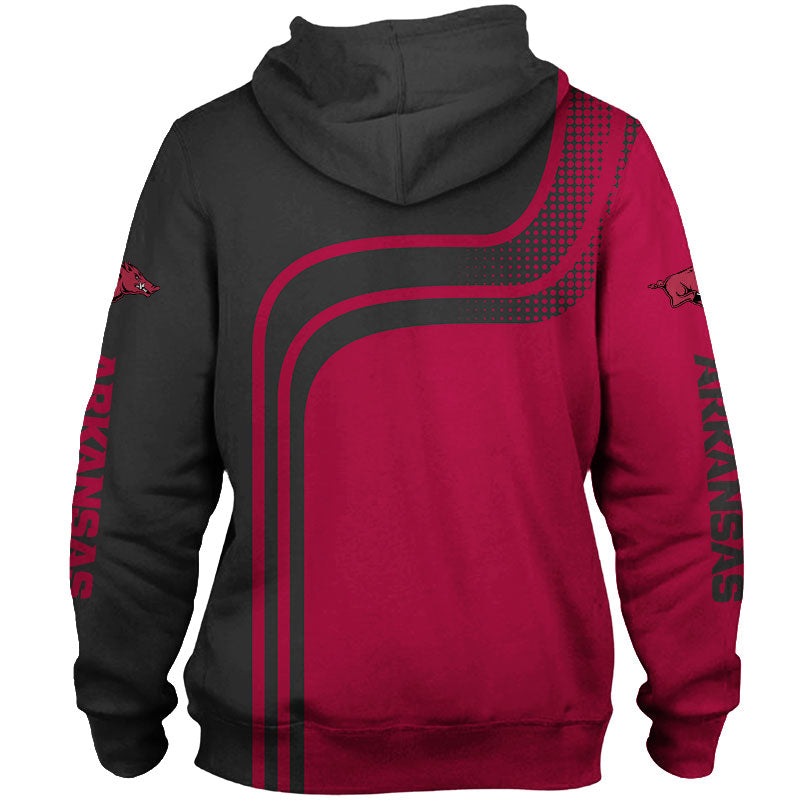 Arkansas Razorbacks Hoodie 3D Pullover and Zip Up Hoodies Gifts for Fans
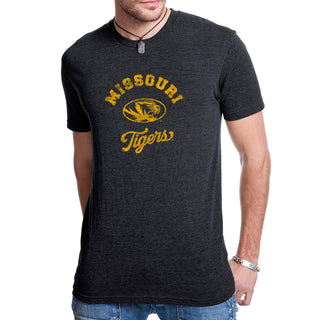 Missouri Tigers Retro Script NLA Triblend T-Shirt - Vintage Black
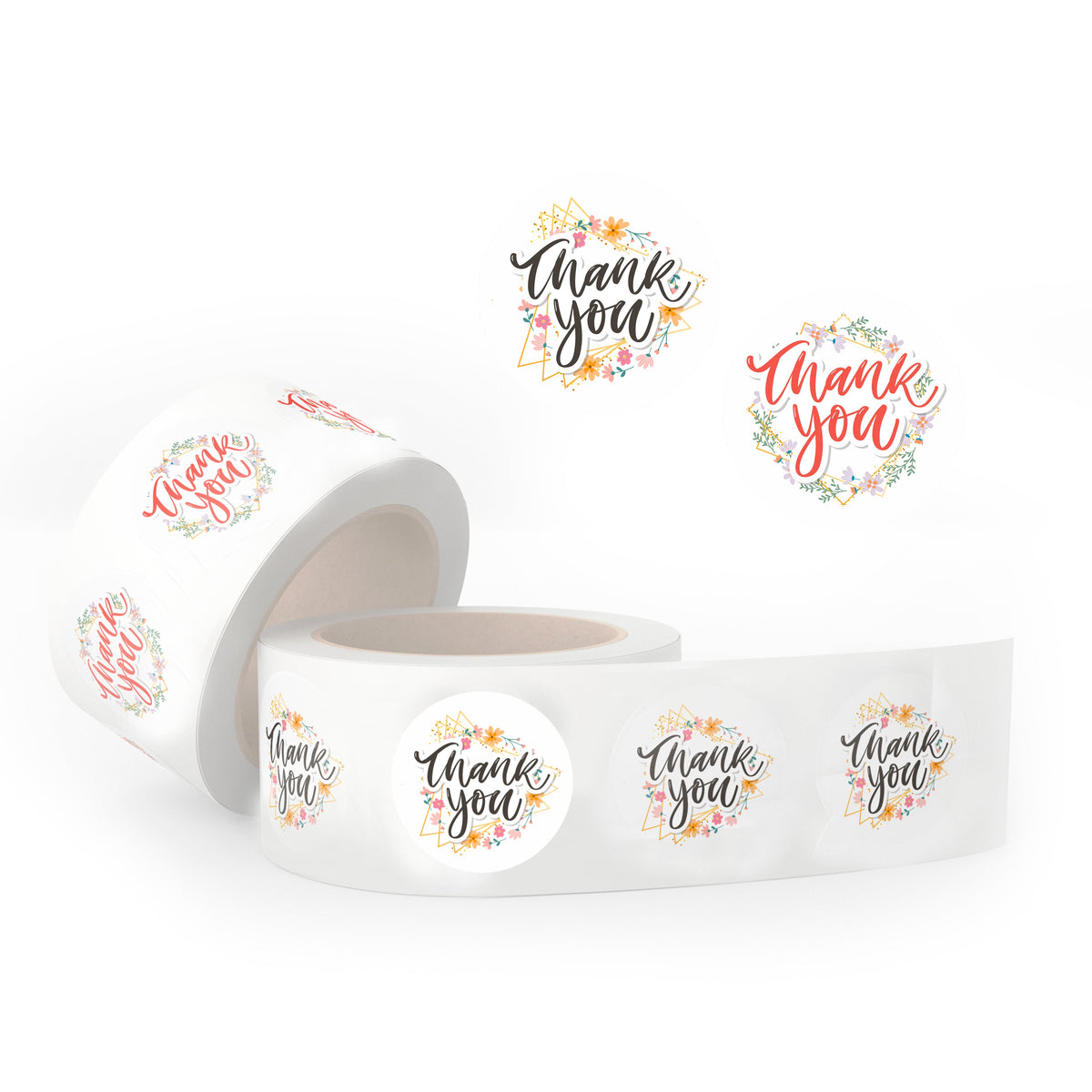 Thank You Stickers Thank You Labels styled flat lay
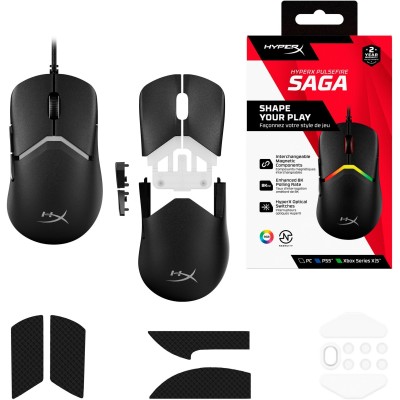 Миша HyperX Pulsefire SAGA, RGB, USB-A, чорний (A2PB3AA)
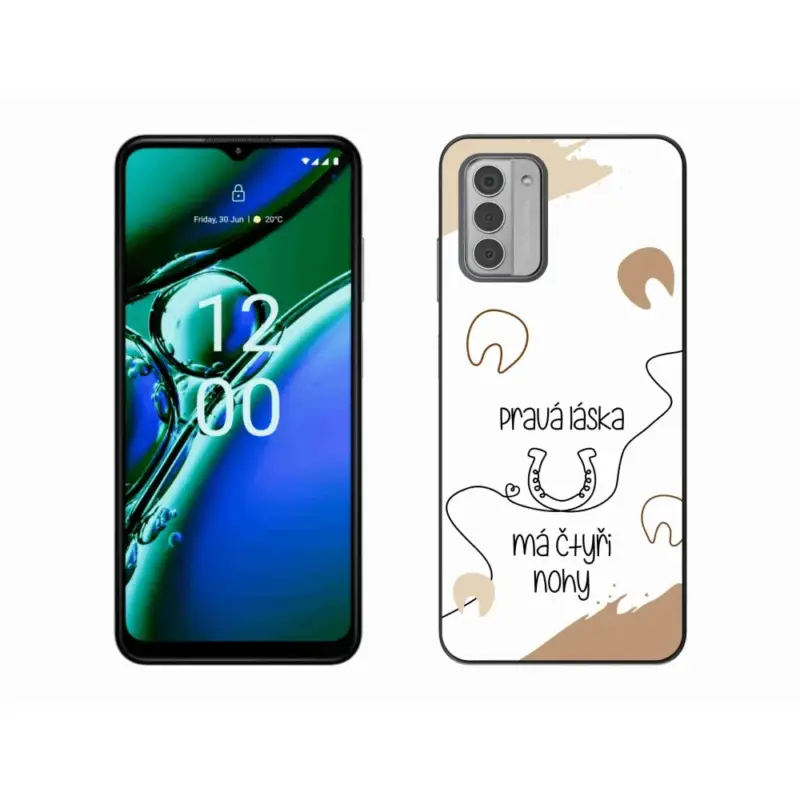 Nejlepší Cena Gelový kryt mmCase na Nokia G42 - koňský motiv bílé pozadí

» YOUR OBJECTIVE
Reproduce the listing word for word. Do not carry over the pictures.

» RESPONSE
 Arkansas Razorbacks Hoodie 3D Pullover and Zip Up Hoodies Gifts for Fans
 Missouri Tigers Retro Script NLA Triblend T-Shirt - Vintage Black
 Thank You Stickers Thank You Labels styled flat lay
 Миша HyperX Pulsefire SAGA, RGB, USB-A, чорний (A2PB3AA)
 Nejlepší Cena Gelový kryt mmCase na Nokia G42 - koňský motiv bílé pozadí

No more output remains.